Women’s courage under fire

The 64,000-dinar question Publisher Arnold York asked in last week’s Malibu Times was why did the Iraqis vote in such large numbers? Who among us in Malibu would have left the safety of our homes to go out and dip our fingers in purple dye under the threat of amputation, beheadings and beatings? Where did the Iraqi people find such bravery?

The news media has it all wrong. Their reporting is riddled with Shiites and Sunni-and the three “Big Als”-al Qaeda, al-Sistani and al-Zarqawi. Every reporter missed the big story.

No report could have captured what the TV was bringing us. There, live, were men and women waiting in line, or marching down the street, with one goal: To vote (a custom that seems to have been forgotten in Malibu). What Malibuites were watching was nothing less than the birth of freedom and an amazing testimony to the dignity of man, and it was led by women.
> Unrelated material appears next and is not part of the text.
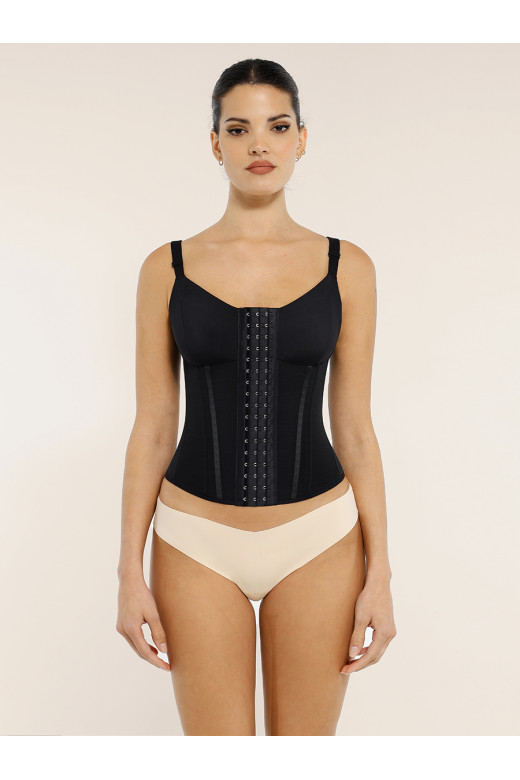 Черный женский корректирующий корсет Shape Control с регулируемыми бретелями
The situation in Iraq is a challenging one. I have many friends who disagree with me on our involvement in Iraq. The basis of our argument has these roots. To those who condemn the president, I concede. If the war is about oil, if George W. Bush lied about Weapons of Mass Destruction, if it’s about Halliburton or just Admiral Perry American Expansionism, Sen. John Kerry is right.
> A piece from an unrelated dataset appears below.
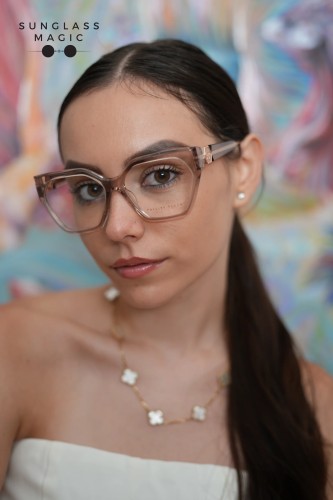 Philipp Plein VPP068S QUEEN - 07T1 - 57 Optikai keretek Rózsaszín Cat Eye (Macskaszem)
But call me foolish (I have been called that before), I just don’t believe those things are true. I confess I have had my doubts. Every news narrative about corruption chips away at my self-belief. However, I cling to another belief, and this is where my friends and I part company. I maintain that all people are the same. I contend that Malibuites just want to earn a living, worship their God, send their kids to college and be safe in their homes.

My friends maintain that I don’t understand. It is their belief that theocracies are incapable of managing freedom. Tribal cultures are not ready for American-style democracy. Middle Eastern culture is diverse, and I am the Ugly American to believe otherwise.

The Ugly American, to me, is the one who believes that just because one has a different color skin, speaks a different language, worships in a different way, comes from an agrarian background, or has thousands of years of nomadic or tribal rule behind him, that he is incapable of embracing the ideals of Jefferson: life, liberty and the pursuit of happiness.

I confess that there is no way to know who is right but cannot deny the pictures Malibuites saw on TV. The reports were full of women as Arnold York’s editorial pointed out. What Arnold failed to see was that these women were mainly elderly. They reminded me of my grandmother, Sadie. They looked just like her-wise, tough, defiant, independent and strong. No thug 20-something terrorist was about to tell these grandmothers what to do. The Iraqi Sadies were the superwomen of the day.

Imagine the tête-à-tête going on in each house. Husbands were begging wives not to go out to vote for fear of their lives and vice versa. College-age kids were defying their parents by voting, or encouraging their parents not to vote for reasons of safety. You just hear the arguments? Throughout Iraq, families screaming at one another with each side threatening family members who endangered the family unit by voting. The arguments must have been violent.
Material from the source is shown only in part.